Tundra swans are hard to miss, measuring about 4.5 feet from beak to tail with a wingspan of more than 5 feet. When enough gather on the same stretch of water, the mass of white bodies can resemble snowbanks or ice floes. They have long, straight necks topped by a head with a black beak. And most have a yellow spot at the base of each eye.

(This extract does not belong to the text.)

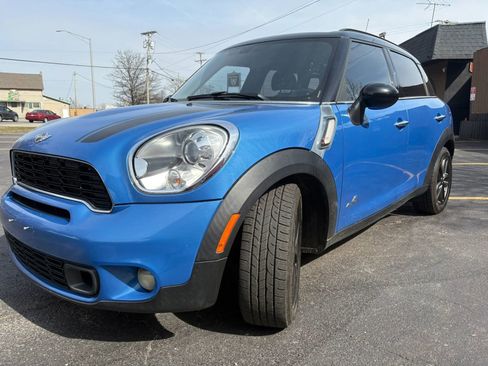 Used 2011 MINI Cooper Countryman S image 9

Tundra swans (Cygnus columbianis) were once known as “whistling” swans because of the noise their wings made in flight. They can sometimes be confused with mute swans, an invasive species in the Bay region. But these have orange bills and S-curved necks. Further, mute swans live year-round in the Mid-Atlantic region while tundra swans only swoop in from late autumn to early spring.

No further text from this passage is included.